Сил самообороны, конечно, было недостаточно для того, чтобы обеспечить полную безопасность освобожденной от врага территории Норвегии. Поэтому Ставка приказала Карельскому фронту (9 ноября 1944 г.) перейти к обороне на рубеже государственной границы с Норвегией, а по линии Нейден, Вортаниеми, до которой дошли войска фронта, — иметь прикрывающие и разведывательные части. Войска приступили к плановым занятиям по боевой подготовке.
15 ноября Карельский фронт был расформирован. 14-я армия стала отдельной, с подчинением Ставке. К. А. Мерецков со штабом в январе 1945 г. прибыл в Ярославль. Им предстояло переместиться на Дальний Восток для выполнения новых сложных задач.
Разгром противника на северном фланге советско-германского фронта имел большое политическое и военное значение. Немецко-фашистские войска недосчитались многих тысяч отборных солдат, сгинувших под ударами советских армий в лесах Карелии и тундре Заполярья. Враг потерял обширный плацдарм, откуда угрожал важным районам СССР. Советский фронт прочно закрепился по рубежу государственной границы. Значительно улучшились условия боевой деятельности Северного и Балтийского флотов, а также наших фронтов в Прибалтике. Резко снизилась угроза безопасности Ленинграда.
В 135 км к востоку от Дании лежит в водах Балтики остров Борнхольм. Энциклопедические словари того времени сообщали: площадь острова — 588 кв. км, жителей — 47 тыс. человек. Немецкие оккупанты, захватив в 1940 г. Данию, поспешили перебросить на Борнхольм, контролирующий юго-западную часть Балтийского моря, свой военный гарнизон. Островитяне на долгое время оказались отрезанными от родины. Властителем их судеб стал гитлеровский военный комендант.
В конце войны остров переполнился немецко-фашистскими солдатами, бежавшими с материка от карающей руки советских и польских воинов. Гитлеровцы, не сложившие оружия, скоро буквально объели островитян. Не осталось ни зерна хлеба, ни капли молока, пошел в солдатский котел и весь скот. Жители умирали от голода. Призрак голодной смерти вплотную встал и перед гитлеровцами.
Гуманное стремление спасти жителей Борнхольма от гибели и засилья немецко-фашистских оккупантов побудило Ставку принять решение занять остров и пленить вооруженных гитлеровцев. По указанию Верховного Главнокомандования Генштаб поставил союзников в известность об этом решении. 11 мая 1945 г. 132-й стрелковый корпус 19-й армии под командованием генерал-майора Ф. Ф. Короткова совершил высадку на остров с кораблей Балтийского флота. 12 тыс. солдат и офицеров противника были принуждены сложить оружие.
Нужно было налаживать жизнь на острове. Советские воины работали вместе с жителями на полях, помогли восстановить связь, возобновить рыбную ловлю.

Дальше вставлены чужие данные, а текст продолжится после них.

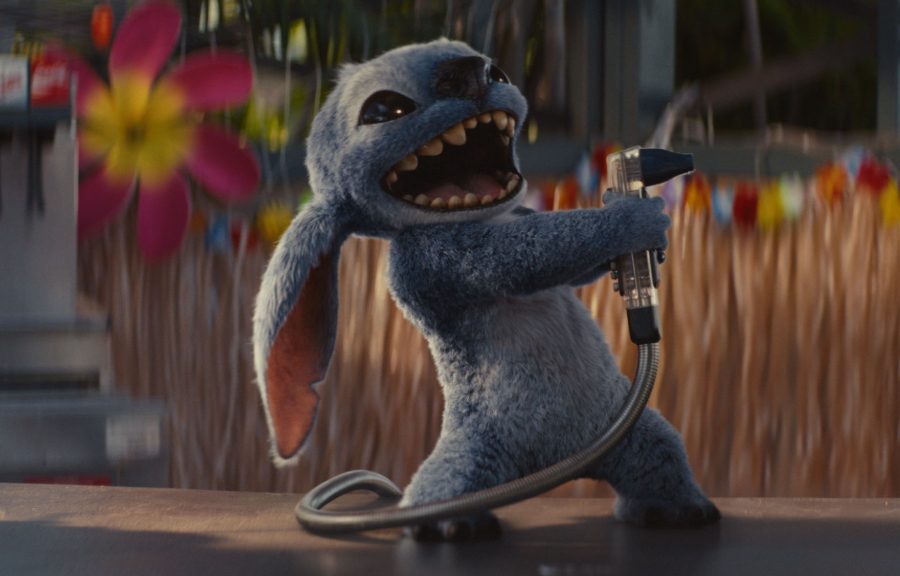 Stitch sprüht nur so vor Einfällen und hat im neuen Remake wieder alle (vier) Hände voll zu tun! © 2025 Disney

Постепенно население пришло в себя после мук фашистской оккупации. Возродилось сельское хозяйство и промыслы. Численность [506] советских войск на острове вскоре сократилась до дивизии, а через год, в апреле 1946 г., Борнхольм был торжественно передан датским властям. Советские солдаты отбыли на Родину.

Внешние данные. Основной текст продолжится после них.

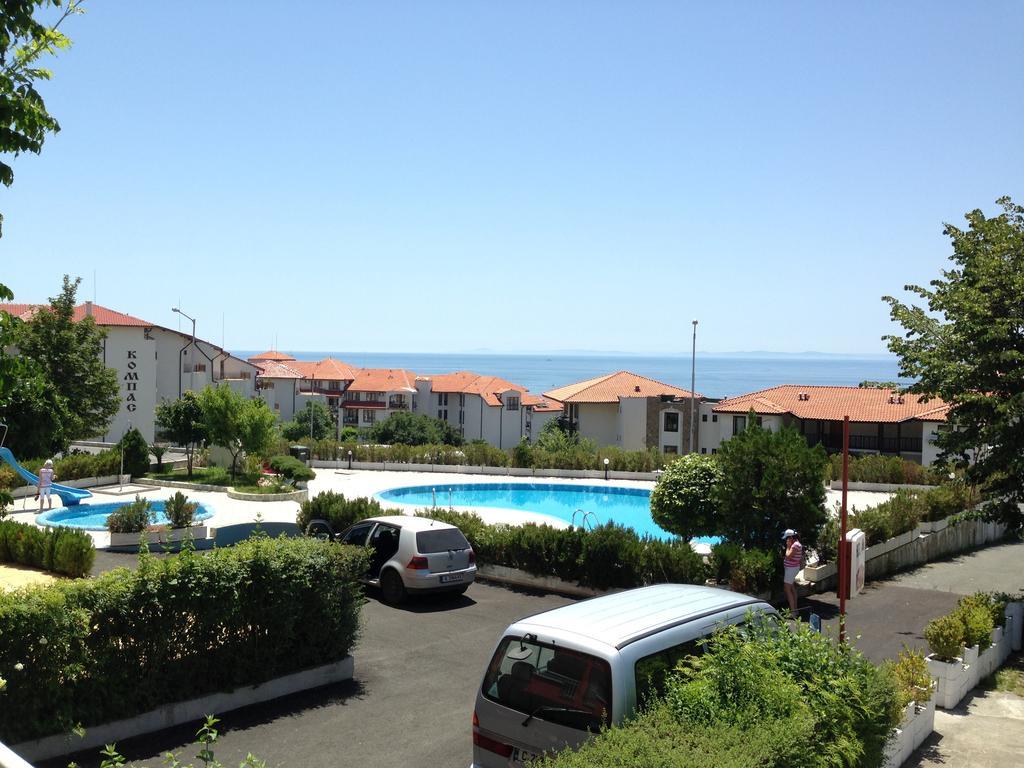 Yanis Guest House Sveti Vlas Exteriör bild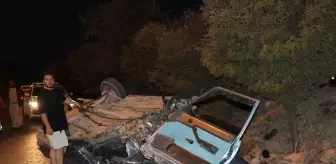 Kilis'te Otomobil Devrildi: 2 Yaralı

С незапамятных времен народы нашей страны, Норвегии и Дании живут в дружбе и взаимном уважении. Нет в их прошлом мрачных лет военных столкновений и кровавых распрей. Зато есть другое — совместная борьба против общего поработителя, немецко-фашистских оккупантов. Она соединяет их узами братства и остается славной и вечно живой страницей истории.
Велики были жертвы освободительной борьбы в Норвегии. Почти 2900 советских воинов легли навечно в ее холодную землю рядом с героями норвежского Сопротивления. Подвиг павших служит напоминанием о трудностях и уроках войны против гитлеровских захватчиков, призывом к новым усилиям во имя мира и прогресса.